転生したら「ハイエース」だった件
1967年誕生以来、物流や人員輸送など日本経済を支えてきたハイエース一族。20代目まで進化し、国内小型貨物車市場で培った多用途性と耐久性を次世代モデルにどう継承するのか、ジャパンモビリティショーで公開されたセミボンネット型コンセプトに注目が集まる。
日本ではハイエースではなかった六代目ハイエース

ハイエース一族は、他のトヨタの車種と同じように海外で活躍している。しかし、国内で活躍している吾輩たちとは少し事情は異なる。
現時点において国内で販売されている吾輩たちは200系といい、海外の親戚は300系という。200系、300系というと新幹線みたいだが、四代目が100系となる。200系は、エンジンの上に運転席があるキャブオーバーというタイプで、前面が切り立っている。
一方、300系はエンジンが運転席より前にあるセミボンネットタイプであり見た目が全く異なる。

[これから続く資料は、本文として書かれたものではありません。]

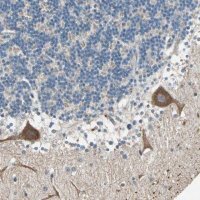 Anti-MAP3K21 antibody produced in rabbit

どちらかといえば、ハイエースというよりアルファードのような印象を受ける。実は、この300系が六代目とみなされており、すでに吾輩の子孫が誕生している。国内は吾輩たち五代目、海外は300系の六代目と変な感じだ。ちなみに、かつて300系をベースとしたトヨタ グランエースが販売されていたが、2024年4月をもって生産を終了している。
六代目は、日本国内ではハイエースではなかった。200系と300系の違いを挙げればきりがないが、そもそもボディサイズが異なる。グランエースは、全長5.3m、全幅1.97mであり、残念ながら日本の小型貨物車ではない。